Fire Storm is the second novel of the SOS Adventures series by Northern Irish author, Colin Bateman, published on 7 October 2010 through Hodder Children's Books. Janet Clarke from the School Librarian magazine called the novel an "action packed thriller", finding it "fast paced and entertaining"; stating that the characters were plausible and the relationship between Michael and Katya was "relaxed" and "friendly".

===Plot===
The SOS team was founded by pop-star millionaire, Dr. Jimmy Kincaid, who founded the organisation to assist in environmental rescue on a worldwide scale. Within this organisation, an elite team known as the Artists, derived from Action Response Team, exist and Michael Monroe is promoted to this group, despite being SOSs newest member.

The novel takes place on the Indonesian island of New Ireland, where the missing scientist, Dr. Anna Roper, who is on the island doing "vital" research into both the rainforest and indigenous peoples, was last seen. The SOS team, including Monroe, set out to find her. However, the team encounter a series of earthquakes and volcanic eruptions on the island.

===Fire Storm Characters===
- Joe Kabui – fourteen-year-old Filipino boy whose father is killed by bandits.
- Dr. Anna Roper – missing scientist and the reason that the SOS team are on New Ireland; sister of Jimmy Kincaid.
- Tracker Mark – tracker.

== Tusk ==

Tusk is the third novel of the SOS Adventures series by Northern Irish author, Colin Bateman, published on 3 March 2011 through Hodder Children's Books.

===Plot===
The SOS team was founded by pop-star millionaire, Dr. Jimmy Kincaid, who founded the organisation to assist in environmental rescue on a worldwide scale. Within this organisation, an elite team known as the Artists, derived from Action Response Team, exist and Michael Monroe is promoted to this group, despite being SOSs newest member.

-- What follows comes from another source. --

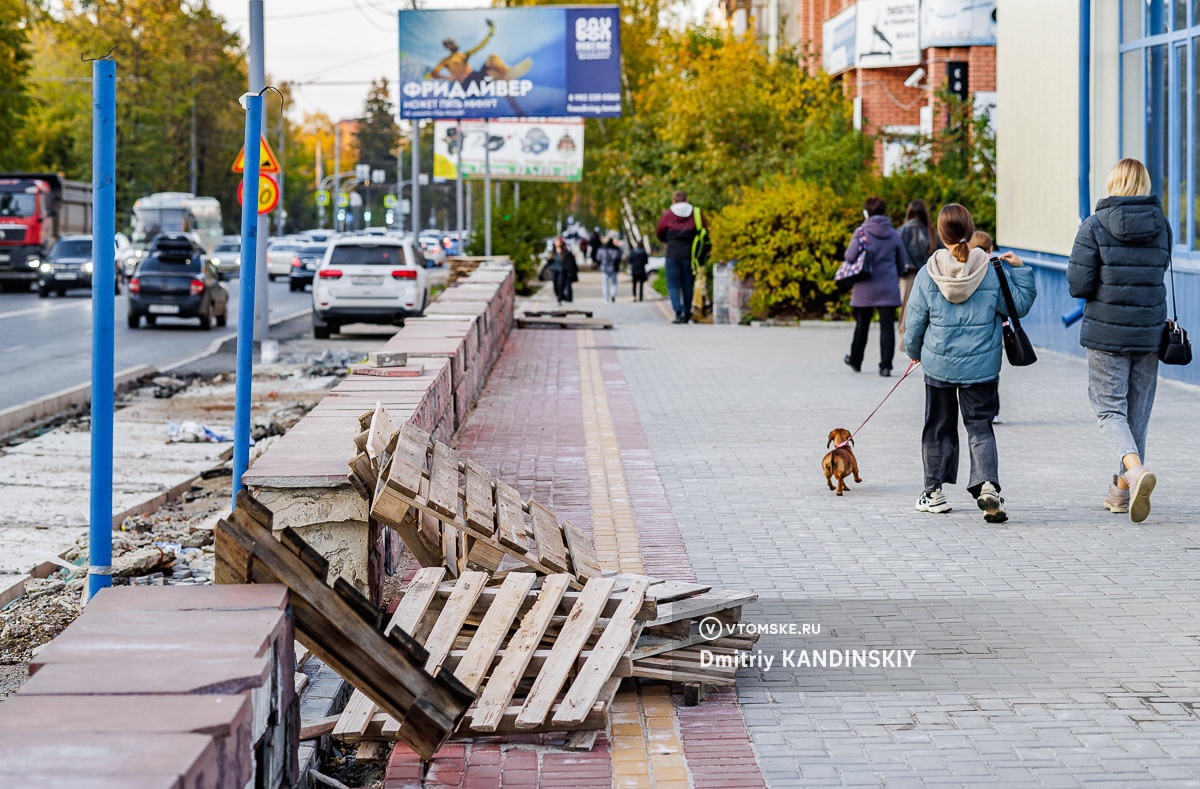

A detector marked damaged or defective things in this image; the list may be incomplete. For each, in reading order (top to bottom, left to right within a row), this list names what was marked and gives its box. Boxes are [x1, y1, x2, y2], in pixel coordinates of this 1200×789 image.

broken wooden pallet [369, 424, 600, 582]
broken wooden pallet [217, 489, 472, 757]
broken wooden pallet [328, 565, 648, 743]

Founder of SOS, Dr. Jimmy Kincaid, summons the Artists to his farm in the fictional Zambeziland savannah for some rest. Michael Monroe and Katya, however, are sent to join a team of unruly youths under the tuition of ex-commando Major Calvin Hunter; to both protect a member of his team, future King of England Peter Windsor, and to improve their survival skills.

=== Tusk characters ===
- Major Calvin Hunter – ex-commando and leader of the expedition.
- Peter Windsor – future king of England.